AVAILABLE RECORDS below:

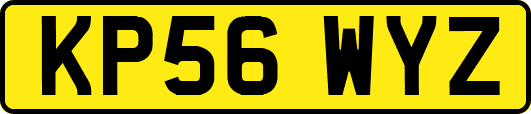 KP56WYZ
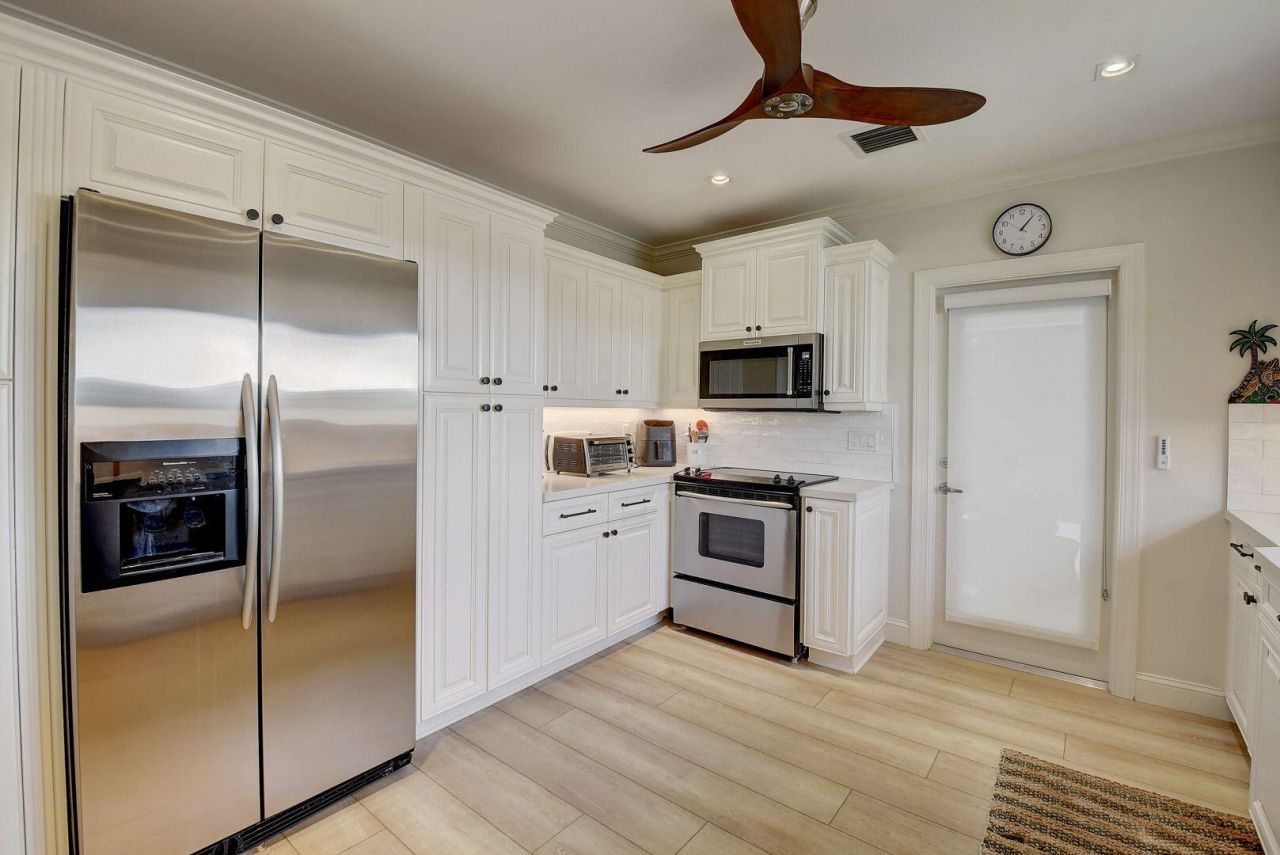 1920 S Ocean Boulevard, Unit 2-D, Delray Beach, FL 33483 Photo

End of AVAILABLE RECORDS.
AVAILABLE RECORDS below:

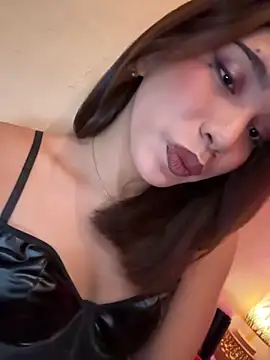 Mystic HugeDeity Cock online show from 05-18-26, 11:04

End of AVAILABLE RECORDS.
AVAILABLE RECORDS below:

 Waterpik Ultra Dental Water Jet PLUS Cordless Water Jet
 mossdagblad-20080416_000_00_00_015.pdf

End of AVAILABLE RECORDS.

▶ **EXERCISE DESCRIPTION**
The entries above hold a line with "Waterpik Ultra Dental" and a later line with "mossdagblad-20080416_000_00_00_015.pdf". Write out exactly those lines and all lines between, nothing more.

▶ **RESPONSE TO THIS TASK**
 Waterpik Ultra Dental Water Jet PLUS Cordless Water Jet
 mossdagblad-20080416_000_00_00_015.pdf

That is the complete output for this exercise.